***** DATASET

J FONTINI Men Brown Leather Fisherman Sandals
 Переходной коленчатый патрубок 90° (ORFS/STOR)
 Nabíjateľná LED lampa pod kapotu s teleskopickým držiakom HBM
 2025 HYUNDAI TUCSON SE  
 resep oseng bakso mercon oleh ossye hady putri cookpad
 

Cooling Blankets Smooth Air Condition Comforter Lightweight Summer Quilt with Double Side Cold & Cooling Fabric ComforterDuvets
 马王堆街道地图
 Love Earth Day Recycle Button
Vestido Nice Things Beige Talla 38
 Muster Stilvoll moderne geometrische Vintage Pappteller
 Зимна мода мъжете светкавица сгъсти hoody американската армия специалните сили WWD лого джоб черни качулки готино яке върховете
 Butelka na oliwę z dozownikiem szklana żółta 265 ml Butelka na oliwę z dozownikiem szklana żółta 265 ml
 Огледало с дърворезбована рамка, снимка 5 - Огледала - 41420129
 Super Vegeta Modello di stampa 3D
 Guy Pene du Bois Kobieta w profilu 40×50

**********

▶ [WHAT THIS TASK INVOLVES]
Copy the data above in full, exactly as it reads.

▶ [RESULT FOR THIS TASK]
J FONTINI Men Brown Leather Fisherman Sandals
 Переходной коленчатый патрубок 90° (ORFS/STOR)
 Nabíjateľná LED lampa pod kapotu s teleskopickým držiakom HBM
 2025 HYUNDAI TUCSON SE  
 resep oseng bakso mercon oleh ossye hady putri cookpad
 

Cooling Blankets Smooth Air Condition Comforter Lightweight Summer Quilt with Double Side Cold & Cooling Fabric ComforterDuvets
 马王堆街道地图
 Love Earth Day Recycle Button
Vestido Nice Things Beige Talla 38
 Muster Stilvoll moderne geometrische Vintage Pappteller
 Зимна мода мъжете светкавица сгъсти hoody американската армия специалните сили WWD лого джоб черни качулки готино яке върховете
 Butelka na oliwę z dozownikiem szklana żółta 265 ml Butelka na oliwę z dozownikiem szklana żółta 265 ml
 Огледало с дърворезбована рамка, снимка 5 - Огледала - 41420129
 Super Vegeta Modello di stampa 3D
 Guy Pene du Bois Kobieta w profilu 40×50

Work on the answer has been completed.